9 state treasurer offices
|  | Majority party | Minority party |
| Party | Republican | Democratic |
- Democratic incumbent Republican incumbent Term-limited Republican Incumbent TBD in 2026 No election

= 2028 United States state treasurer elections =

The 2028 United States state treasurer elections are scheduled to be held on November 7, 2028. The previous elections for this group of states took place in 2024.
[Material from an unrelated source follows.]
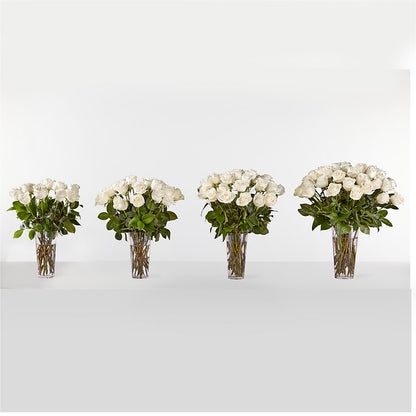 Long Stem White Rose Bouquet –  Floral Design At Evergreen Llc, Princeton NC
These elections will be held concurrently with several other federal, state, and local elections.

== Race summary ==

| State | State Treasurer | Party | First elected | Last race | Status | Candidates |
|---|---|---|---|---|---|---|
| Missouri | Vivek Malek | Republican | 2023 (appointed) | 57.9% R | Incumbent's intent unknown | TBD |
| North Carolina | Brad Briner | Republican | 2024 | 52.4% R | Incumbent's intent unknown | TBD |
| North Dakota | Thomas Beadle | Republican | 2020 | 98.1% R | Incumbent's intent unknown | TBD |
| Oregon | Elizabeth Steiner | Democratic | 2024 | 49.4% D | Incumbent's intent unknown | TBD |
| Pennsylvania | Stacy Garrity | Republican | 2020 | 51.9% R | Term-limited | TBD |
| Utah | Marlo Oaks | Republican | 2022 (special) | 64.9% R | Incumbent's intent unknown | TBD |
| Vermont | TBD in 2026 |  |  |  |  |  |
| Washington | Mike Pellicciotti | Democratic | 2020 | 57.3% D | Incumbent's intent unknown | TBD |
| West Virginia | Larry Pack | Republican | 2024 | 99.9% R | Incumbent's intent unknown | TBD |

== Missouri ==
State Treasurer Vivek Malek was elected in 2024 with 57.9% of the vote. He is eligible to run for re-election but has not yet stated if he will do so.

== North Carolina ==
State Treasurer Brad Briner was elected in 2024 with 52.4% of the vote. He is eligible to run for re-election but has not yet stated if he will do so.

== North Dakota ==
State Treasurer Thomas Beadle was re-elected in 2024 with 98.1% of the vote. He is eligible to run for re-election but has not yet stated if he will do so.

== Oregon ==
State Treasurer Elizabeth Steiner was elected in 2024 with 49.4% of the vote. She is eligible to run for re-election but has not yet stated if she will do so.

== Pennsylvania ==
State Treasurer Stacy Garrity was re-elected in 2024 with 51.9% of the vote. She is term-limited and ineligible to run for re-election.

== Utah ==
State Treasurer Marlo Oaks was re-elected in 2024 with 64.9% of the vote. He is eligible to run for re-election but has not yet stated if he will do so.

== Vermont ==
State Treasurer Mike Pieciak is running for re-election to a third term in 2026. Because Vermont does not have state treasurer term limits in its Constitution, he will be eligible to run for re-election for a fourth term, should he win a third term in 2026.

== Washington ==
State Treasurer Mike Pellicciotti was re-elected in 2024 with 57.3% of the vote. He is eligible to run for re-election but has not yet stated if he will do so.

== West Virginia ==
State Treasurer Larry Pack was elected in 2024 with 99.9% of the vote. He is eligible to run for re-election but has not yet stated if he will do so.